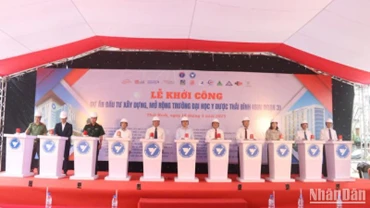 Các đại biểu thực hiện nghi thức bấm nút khởi công hai dự án.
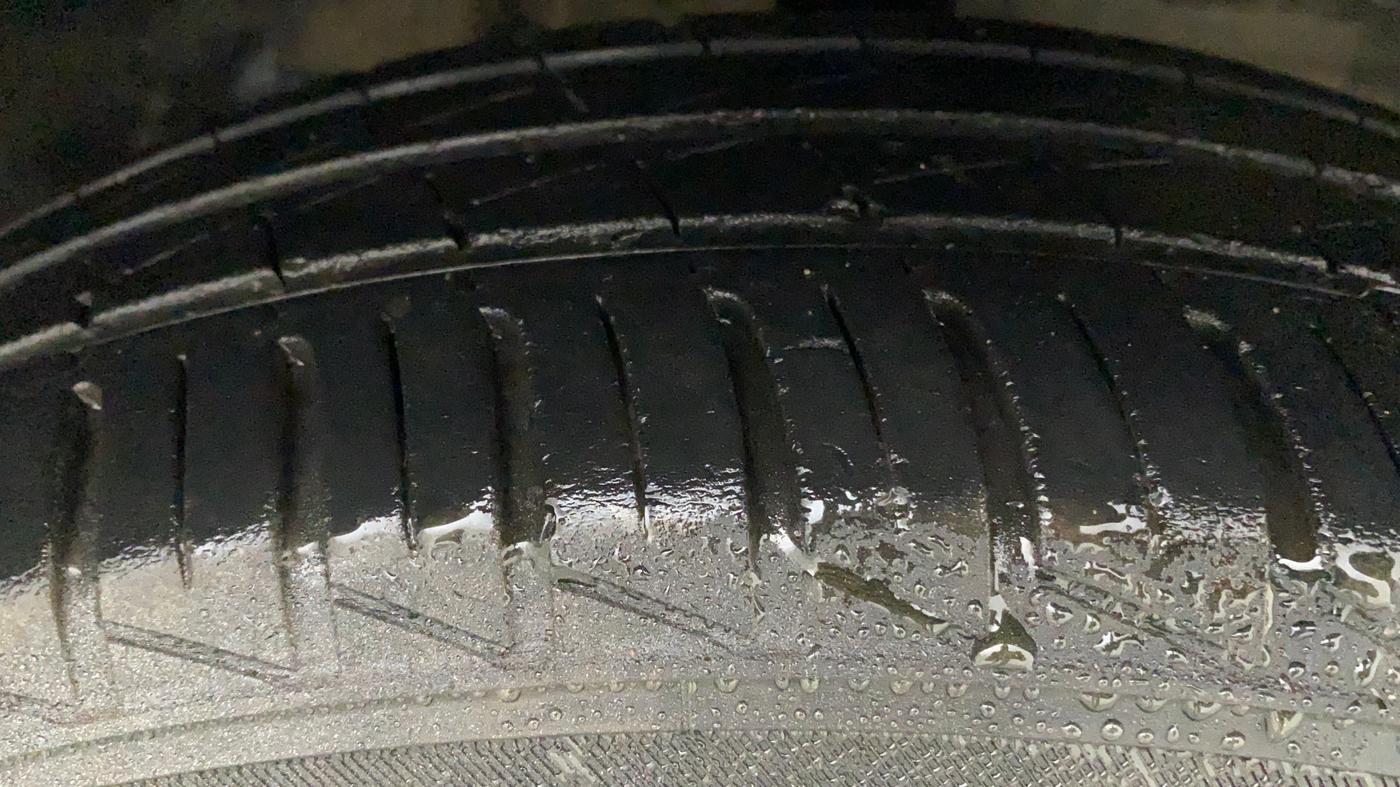 2014 Toyota Etios Liva G, CNG, Manual, 79,418 km, Right Front Tyre Tread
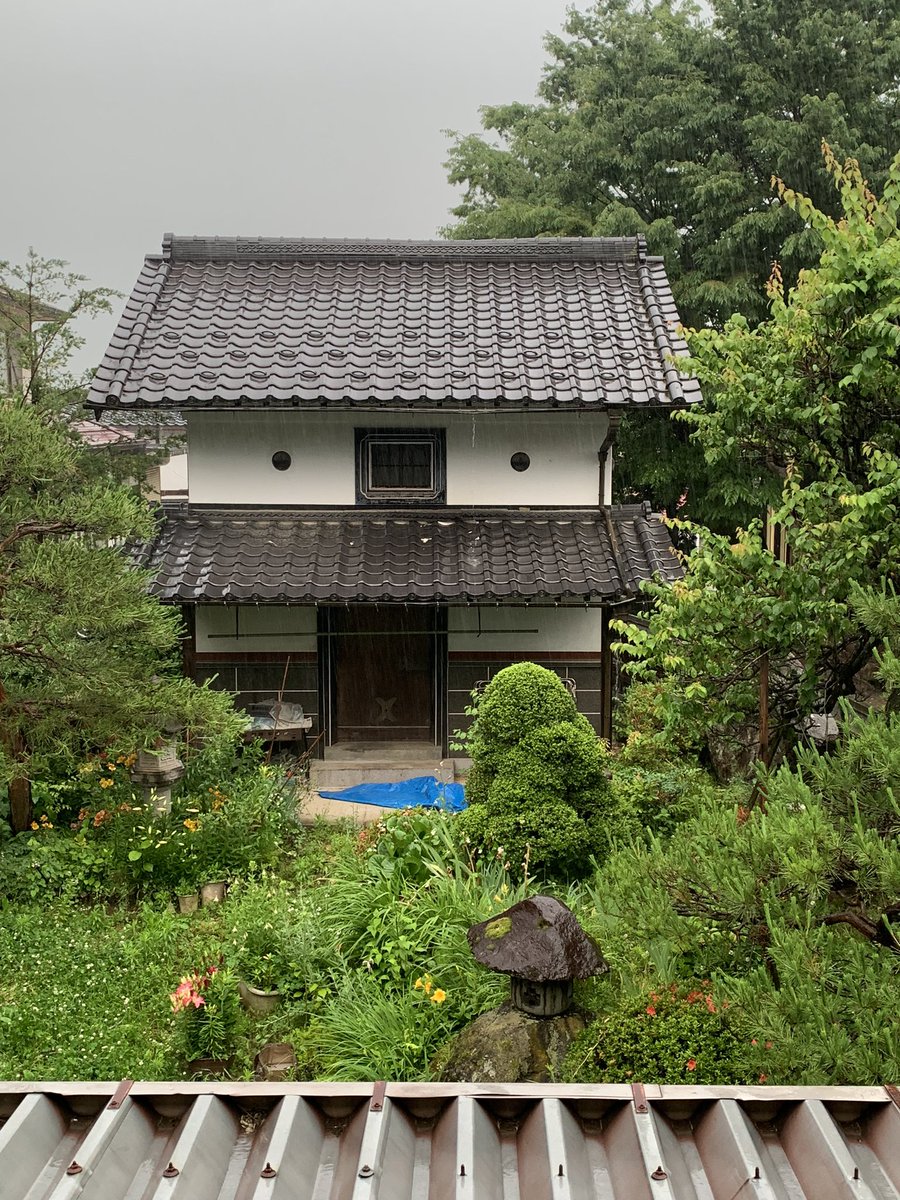 めっちゃ、雨☔️☔️☔️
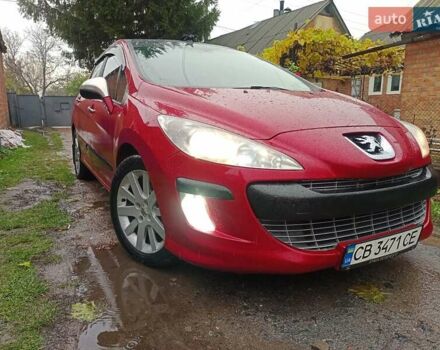 Красный Пежо 308, объемом двигателя 1.6 л и пробегом 216 тыс. км за 5999 $, фото 1 на Automoto.ua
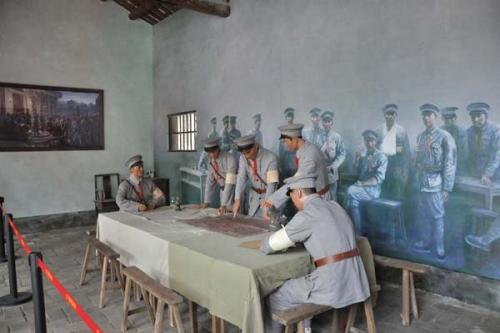 粟裕担负警戒任务中弹昏迷，排长卸他的枪并说：现在可顾不上你了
---
Please print exactly the lines from the line containing "めっちゃ、雨☔️☔️☔️" through the end of the records above, both included, leaving out every picture.

**ANSWER FOR THIS EXERCISE**
 めっちゃ、雨☔️☔️☔️
 Красный Пежо 308, объемом двигателя 1.6 л и пробегом 216 тыс. км за 5999 $, фото 1 на Automoto.ua
 粟裕担负警戒任务中弹昏迷，排长卸他的枪并说：现在可顾不上你了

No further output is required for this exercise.